Credit it where it’s due: Over the course of this debate, plenty of ground was covered and Wood came across as both well-informed and well-aware of what not to say to this audience. He valiantly agreed with Kingston where he could, valiantly dodged any Old Guard talking points wherever he could, and valiantly gave himself narrow rhetorical exit hatches should he win this election and be called out by quibbling, literalistic accountabilists. He did a nice job, without a doubt. It was a nice showing. He came off as a nice man.
Kingston, on the other hand, was less nice. He held his ground when it came to a command of the nitty-gritty details. He had tough language and shared tough policy positions on tough problems like homelessness, affordable housing, the police and fire pension, the deferred bond package vote, street repair and southern sector development. He even gave himself a little tough love, apologizing for having supported an economic development package that he says went deeply awry. No, he didn’t seem as nice as Wood did, but — again flying in the face of the super PAC ads — he also managed not to murder anyone with funny zingers or brutal insults, and he did manage to say some stuff that seemed, to the untrained eye, at least a little compassionate. Given the nefarious colors in which the super PAC is painting him, that was enough for him to come off near-saintly in this setting.

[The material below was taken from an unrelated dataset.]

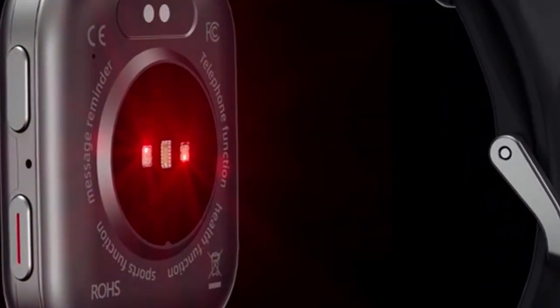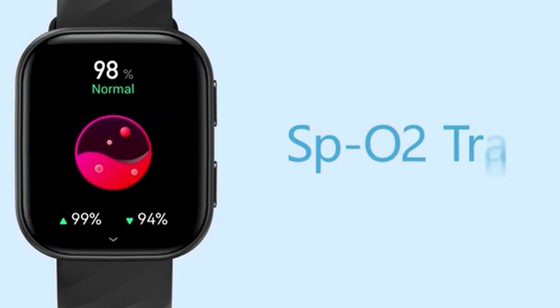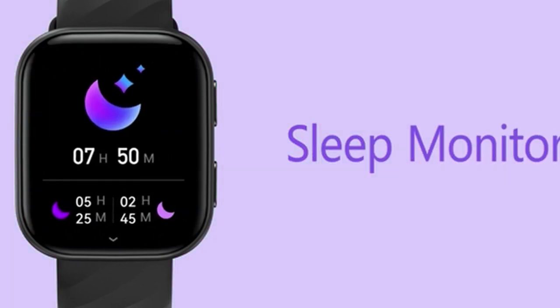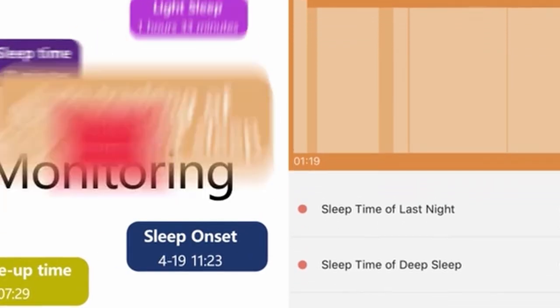Whether you're into indoor workouts or outdoor adventures, this tracker can keep up with your active lifestyle. The Fitvii goes beyond fitness tracking with features like sedentary reminders, hydration alerts, and a menstrual cycle tracker for women. The alarm clock function ensures you stay on schedule.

So who won the debate? That’s tough to say. After it ended, I asked around the crowd some for their thoughts. Many seemed to think that the event simply reinforced some long-entrenched positions.
But then there was this one friend of mine — by all accounts, a very nice guy. He’d arrived unsure about his choice, but fully ready to hate Kingston. He said this debate swung him into the Kingston camp. His reasoning? He said that the issues Dallas, and District 14 specifically, face are not nice problems.
Niceness, turns out, ain’t the end-all-be-all. Or, well, maybe it shouldn’t be, anyway.